In [42]:
import torch
from torchvision import transforms
import numpy as np

In [43]:
## 기본 틀
class Custom_Dataset(torch.utils.data.Dataset):
    def __init__(self, X, Y, transform=None):
        self.X = X
        self.Y = Y
        self.transform = transform

    def __len__(self):
        return self.X.shape[0] # 개x?x?x?를 줘야하므로

    def __getitem__(self, idx):
        x = self.X[idx]
        if self.transform is not None: # 만약 transform이 있다면, 적용해서 줘야하므로
            x = self.transform(x)
        y = self.Y[idx]
        return x, y

# 데이터 테스트

In [44]:
X_data = np.arange(-10,10).reshape(-1,1) # shape : (20) > (20,1)
Y_data = X_data**2

transform = lambda x:x+1

In [45]:
custom_DS = Custom_Dataset(X_data, Y_data, transform=transform)
# custom_DS는 데이터 전체를 다 가지고 있게 됨

## train, val, test data split

In [46]:
train_DS, val_DS, test_DS = torch.utils.data.random_split(custom_DS, [10,5,5]) # custom DS를 넣고, train 10개 val 5개 test 5개로 나누어주는 것

print(len(train_DS))
print(len(val_DS))
print(len(test_DS))

10
5
5


## train ratio

In [47]:
TRAIN_RATIO = 0.8

In [48]:
NoT = int(len(custom_DS)*TRAIN_RATIO)
NoV = int(len(custom_DS)*0.1) # val 개수
NoTes = len(custom_DS) - NoT - NoV # NoTes = 10%

train_DS, val_DS, test_DS = torch.utils.data.random_split(custom_DS, [NoT, NoV, NoTes]) # 0.8, 0.1, 0.1의 비율 개수 전달

print(len(train_DS))
print(len(val_DS))
print(len(test_DS))

16
2
2


## 데이터로더

In [55]:
BATCH_SIZE = 8

In [56]:
train_DL = torch.utils.data.DataLoader(train_DS, batch_size=BATCH_SIZE, shuffle=True)
val_DL = torch.utils.data.DataLoader(val_DS, batch_size=BATCH_SIZE, shuffle=True)
test_DL = torch.utils.data.DataLoader(test_DS, batch_size=BATCH_SIZE, shuffle=True)

In [57]:
for x_batch, y_batch in train_DL:
    print(f"x_batch = {x_batch.reshape(-1)}, \n"
          f"y_batch = {y_batch.reshape(-1)}")
    # transform이 +1이었으니, x는 이미 transform이 적용된 것이고 y는 원래의 x (x-1)을 기준으로 **2 값
print("-"*50)
for x_batch, y_batch in val_DL:
    print(f"x_batch = {x_batch.reshape(-1)}, \n"
          f"y_batch = {y_batch.reshape(-1)}")
print("-"*50)
for x_batch, y_batch in test_DL:
    print(f"x_batch = {x_batch.reshape(-1)}, \n"
          f"y_batch = {y_batch.reshape(-1)}")

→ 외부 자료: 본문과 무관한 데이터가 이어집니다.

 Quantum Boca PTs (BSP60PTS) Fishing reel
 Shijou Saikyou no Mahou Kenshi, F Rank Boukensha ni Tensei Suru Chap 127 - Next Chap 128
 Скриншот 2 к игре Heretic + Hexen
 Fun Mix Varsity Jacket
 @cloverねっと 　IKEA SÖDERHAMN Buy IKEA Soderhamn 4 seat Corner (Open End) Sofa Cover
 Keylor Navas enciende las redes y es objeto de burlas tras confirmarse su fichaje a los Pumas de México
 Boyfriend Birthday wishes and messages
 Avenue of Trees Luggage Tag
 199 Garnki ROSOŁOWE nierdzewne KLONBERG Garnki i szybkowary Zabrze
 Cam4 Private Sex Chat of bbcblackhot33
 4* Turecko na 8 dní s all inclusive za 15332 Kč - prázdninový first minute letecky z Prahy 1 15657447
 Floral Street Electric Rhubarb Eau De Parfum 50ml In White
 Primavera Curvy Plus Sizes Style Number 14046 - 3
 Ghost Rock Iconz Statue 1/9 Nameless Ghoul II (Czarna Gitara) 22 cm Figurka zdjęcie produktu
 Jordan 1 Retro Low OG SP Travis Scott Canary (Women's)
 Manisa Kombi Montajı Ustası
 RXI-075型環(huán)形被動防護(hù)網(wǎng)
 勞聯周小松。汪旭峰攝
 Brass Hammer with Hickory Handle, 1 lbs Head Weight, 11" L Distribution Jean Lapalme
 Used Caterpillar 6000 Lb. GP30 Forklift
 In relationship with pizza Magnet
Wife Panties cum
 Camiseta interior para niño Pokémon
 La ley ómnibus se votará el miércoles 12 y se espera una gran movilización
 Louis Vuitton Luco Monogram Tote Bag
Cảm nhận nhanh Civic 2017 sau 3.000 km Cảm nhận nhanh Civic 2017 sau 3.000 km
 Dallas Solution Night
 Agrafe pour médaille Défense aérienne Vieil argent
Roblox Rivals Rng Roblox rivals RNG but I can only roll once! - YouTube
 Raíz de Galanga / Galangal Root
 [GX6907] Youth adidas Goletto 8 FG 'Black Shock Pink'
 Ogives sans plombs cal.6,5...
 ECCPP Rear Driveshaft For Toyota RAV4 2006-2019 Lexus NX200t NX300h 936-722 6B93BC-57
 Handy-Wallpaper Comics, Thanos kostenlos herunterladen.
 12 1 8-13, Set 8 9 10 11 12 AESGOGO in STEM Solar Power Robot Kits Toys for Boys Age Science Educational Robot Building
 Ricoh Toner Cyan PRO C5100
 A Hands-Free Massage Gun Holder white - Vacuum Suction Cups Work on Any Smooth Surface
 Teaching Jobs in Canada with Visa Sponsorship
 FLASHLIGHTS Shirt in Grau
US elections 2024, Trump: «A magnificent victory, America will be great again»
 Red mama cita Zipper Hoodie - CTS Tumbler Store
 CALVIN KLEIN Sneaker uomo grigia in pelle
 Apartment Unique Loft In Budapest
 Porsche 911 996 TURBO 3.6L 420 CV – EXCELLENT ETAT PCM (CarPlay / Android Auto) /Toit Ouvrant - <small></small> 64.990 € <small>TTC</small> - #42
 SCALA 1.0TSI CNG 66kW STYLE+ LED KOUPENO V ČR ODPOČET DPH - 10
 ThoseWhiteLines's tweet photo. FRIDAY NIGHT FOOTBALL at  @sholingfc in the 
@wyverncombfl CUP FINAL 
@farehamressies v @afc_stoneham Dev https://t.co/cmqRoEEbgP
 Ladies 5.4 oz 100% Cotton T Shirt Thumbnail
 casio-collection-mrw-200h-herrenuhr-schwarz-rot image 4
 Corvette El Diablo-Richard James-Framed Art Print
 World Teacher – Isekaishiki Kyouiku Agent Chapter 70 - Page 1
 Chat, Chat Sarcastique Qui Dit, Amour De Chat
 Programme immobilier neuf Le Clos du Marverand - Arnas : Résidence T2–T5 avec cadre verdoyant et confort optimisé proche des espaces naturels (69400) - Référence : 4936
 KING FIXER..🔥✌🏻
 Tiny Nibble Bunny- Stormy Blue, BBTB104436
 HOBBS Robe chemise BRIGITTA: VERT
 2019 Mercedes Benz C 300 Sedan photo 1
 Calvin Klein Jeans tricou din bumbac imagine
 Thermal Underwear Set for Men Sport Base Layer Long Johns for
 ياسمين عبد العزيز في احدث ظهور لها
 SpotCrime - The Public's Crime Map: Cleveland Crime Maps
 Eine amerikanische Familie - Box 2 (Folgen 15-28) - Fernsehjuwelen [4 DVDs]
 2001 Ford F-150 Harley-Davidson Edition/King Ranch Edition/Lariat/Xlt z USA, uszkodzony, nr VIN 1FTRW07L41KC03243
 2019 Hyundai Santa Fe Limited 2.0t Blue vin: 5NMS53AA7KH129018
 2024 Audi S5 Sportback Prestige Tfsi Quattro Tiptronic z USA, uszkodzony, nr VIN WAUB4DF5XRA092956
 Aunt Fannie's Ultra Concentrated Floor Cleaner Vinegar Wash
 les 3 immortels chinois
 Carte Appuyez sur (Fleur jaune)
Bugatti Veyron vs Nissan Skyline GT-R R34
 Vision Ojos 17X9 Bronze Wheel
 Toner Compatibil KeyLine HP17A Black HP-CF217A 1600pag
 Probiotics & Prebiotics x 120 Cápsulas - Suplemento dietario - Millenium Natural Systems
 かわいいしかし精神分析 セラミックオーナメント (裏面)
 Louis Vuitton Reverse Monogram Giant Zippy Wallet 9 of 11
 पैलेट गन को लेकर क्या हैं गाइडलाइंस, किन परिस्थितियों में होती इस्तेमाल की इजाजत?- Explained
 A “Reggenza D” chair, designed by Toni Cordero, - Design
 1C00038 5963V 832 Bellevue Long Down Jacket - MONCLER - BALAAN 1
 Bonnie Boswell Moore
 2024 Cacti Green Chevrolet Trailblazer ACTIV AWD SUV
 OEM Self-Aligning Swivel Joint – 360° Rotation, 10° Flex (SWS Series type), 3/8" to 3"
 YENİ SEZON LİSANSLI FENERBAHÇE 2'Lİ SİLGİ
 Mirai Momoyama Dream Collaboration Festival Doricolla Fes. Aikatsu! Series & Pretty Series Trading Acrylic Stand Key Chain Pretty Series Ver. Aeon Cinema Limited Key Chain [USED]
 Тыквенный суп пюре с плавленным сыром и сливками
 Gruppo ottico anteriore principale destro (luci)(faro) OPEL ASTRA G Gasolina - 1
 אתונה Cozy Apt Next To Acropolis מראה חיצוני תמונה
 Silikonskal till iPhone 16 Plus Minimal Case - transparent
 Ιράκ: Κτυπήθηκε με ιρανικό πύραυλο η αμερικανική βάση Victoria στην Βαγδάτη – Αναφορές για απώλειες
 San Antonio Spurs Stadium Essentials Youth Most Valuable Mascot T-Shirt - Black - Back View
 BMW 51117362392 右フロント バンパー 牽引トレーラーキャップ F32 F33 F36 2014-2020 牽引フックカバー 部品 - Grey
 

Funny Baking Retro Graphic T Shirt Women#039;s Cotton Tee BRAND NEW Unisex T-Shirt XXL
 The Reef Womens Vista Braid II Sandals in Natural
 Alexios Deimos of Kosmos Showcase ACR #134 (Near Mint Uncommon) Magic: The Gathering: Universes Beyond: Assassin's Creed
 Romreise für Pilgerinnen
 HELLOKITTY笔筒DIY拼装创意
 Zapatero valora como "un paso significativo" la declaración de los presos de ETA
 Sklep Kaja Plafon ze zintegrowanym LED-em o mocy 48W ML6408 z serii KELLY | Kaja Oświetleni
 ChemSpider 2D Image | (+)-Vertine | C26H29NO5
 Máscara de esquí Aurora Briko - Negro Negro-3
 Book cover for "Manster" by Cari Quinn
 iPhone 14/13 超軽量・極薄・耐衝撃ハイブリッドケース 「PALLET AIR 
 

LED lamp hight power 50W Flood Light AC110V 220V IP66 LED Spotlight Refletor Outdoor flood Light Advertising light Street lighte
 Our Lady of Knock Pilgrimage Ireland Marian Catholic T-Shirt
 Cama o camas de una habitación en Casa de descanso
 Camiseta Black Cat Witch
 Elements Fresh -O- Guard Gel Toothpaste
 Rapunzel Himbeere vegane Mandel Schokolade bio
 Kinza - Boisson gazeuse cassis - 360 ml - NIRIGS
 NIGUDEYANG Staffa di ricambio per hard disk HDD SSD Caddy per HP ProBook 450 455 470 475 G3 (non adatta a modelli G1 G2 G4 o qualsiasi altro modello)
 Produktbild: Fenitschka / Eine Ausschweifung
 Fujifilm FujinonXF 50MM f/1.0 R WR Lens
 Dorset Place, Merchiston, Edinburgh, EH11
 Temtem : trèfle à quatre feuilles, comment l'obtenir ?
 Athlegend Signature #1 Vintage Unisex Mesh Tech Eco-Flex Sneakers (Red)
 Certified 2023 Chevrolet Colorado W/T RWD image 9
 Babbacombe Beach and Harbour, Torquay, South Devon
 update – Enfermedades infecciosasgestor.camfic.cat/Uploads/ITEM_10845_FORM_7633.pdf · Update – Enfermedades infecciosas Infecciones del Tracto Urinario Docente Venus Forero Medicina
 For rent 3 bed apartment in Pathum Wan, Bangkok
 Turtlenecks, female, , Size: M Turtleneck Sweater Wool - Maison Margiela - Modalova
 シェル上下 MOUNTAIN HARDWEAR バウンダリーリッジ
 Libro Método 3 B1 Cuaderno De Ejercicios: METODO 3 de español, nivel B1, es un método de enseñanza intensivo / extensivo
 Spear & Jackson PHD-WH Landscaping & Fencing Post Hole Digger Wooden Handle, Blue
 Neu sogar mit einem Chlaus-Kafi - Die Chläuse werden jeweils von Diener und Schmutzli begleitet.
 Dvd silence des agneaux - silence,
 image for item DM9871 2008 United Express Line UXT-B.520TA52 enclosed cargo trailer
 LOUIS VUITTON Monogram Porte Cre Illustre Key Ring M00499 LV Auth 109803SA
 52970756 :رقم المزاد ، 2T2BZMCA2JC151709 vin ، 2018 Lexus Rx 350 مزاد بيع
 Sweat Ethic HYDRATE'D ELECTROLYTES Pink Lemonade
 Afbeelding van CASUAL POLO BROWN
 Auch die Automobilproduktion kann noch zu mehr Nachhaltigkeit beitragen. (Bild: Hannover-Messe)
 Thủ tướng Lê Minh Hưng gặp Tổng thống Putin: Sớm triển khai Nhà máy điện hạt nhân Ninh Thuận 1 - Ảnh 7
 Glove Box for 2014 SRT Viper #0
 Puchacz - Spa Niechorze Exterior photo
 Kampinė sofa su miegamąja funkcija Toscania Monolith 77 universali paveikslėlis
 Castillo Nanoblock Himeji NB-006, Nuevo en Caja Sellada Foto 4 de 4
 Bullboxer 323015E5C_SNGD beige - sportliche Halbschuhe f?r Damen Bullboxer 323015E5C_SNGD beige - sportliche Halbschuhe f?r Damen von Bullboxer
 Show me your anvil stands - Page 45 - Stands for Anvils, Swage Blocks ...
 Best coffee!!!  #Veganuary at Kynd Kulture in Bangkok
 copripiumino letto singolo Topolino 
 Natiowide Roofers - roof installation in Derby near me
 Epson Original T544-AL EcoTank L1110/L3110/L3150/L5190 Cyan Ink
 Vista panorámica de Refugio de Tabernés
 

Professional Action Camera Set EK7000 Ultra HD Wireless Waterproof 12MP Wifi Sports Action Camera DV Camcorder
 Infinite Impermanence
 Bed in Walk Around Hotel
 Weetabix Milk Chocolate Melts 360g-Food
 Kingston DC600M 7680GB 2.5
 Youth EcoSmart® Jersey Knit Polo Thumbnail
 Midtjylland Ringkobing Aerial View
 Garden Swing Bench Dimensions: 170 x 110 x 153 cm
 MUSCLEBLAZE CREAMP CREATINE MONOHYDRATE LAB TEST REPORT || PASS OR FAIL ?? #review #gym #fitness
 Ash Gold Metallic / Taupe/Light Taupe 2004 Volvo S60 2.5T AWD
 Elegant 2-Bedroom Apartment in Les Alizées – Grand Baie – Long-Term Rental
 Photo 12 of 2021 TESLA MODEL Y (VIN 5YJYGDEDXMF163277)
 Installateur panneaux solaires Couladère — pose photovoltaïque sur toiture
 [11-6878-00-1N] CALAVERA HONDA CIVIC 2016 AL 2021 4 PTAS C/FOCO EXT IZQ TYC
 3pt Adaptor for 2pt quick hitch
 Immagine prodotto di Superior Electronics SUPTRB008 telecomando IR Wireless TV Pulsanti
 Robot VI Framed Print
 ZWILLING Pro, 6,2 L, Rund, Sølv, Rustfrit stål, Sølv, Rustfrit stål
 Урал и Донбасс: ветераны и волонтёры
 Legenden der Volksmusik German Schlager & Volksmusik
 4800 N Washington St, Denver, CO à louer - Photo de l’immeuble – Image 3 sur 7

x_batch = tensor([ 5,  8,  1,  6, -6,  2, -9, -3]), 
y_batch = tensor([ 16,  49,   0,  25,  49,   1, 100,  16])
x_batch = tensor([-2,  7, 10,  4,  0, -7, -4, -1]), 
y_batch = tensor([ 9, 36, 81,  9,  1, 64, 25,  4])
--------------------------------------------------
x_batch = tensor([-5,  3]), 
y_batch = tensor([36,  4])
--------------------------------------------------
x_batch = tensor([-8,  9]), 
y_batch = tensor([81, 64])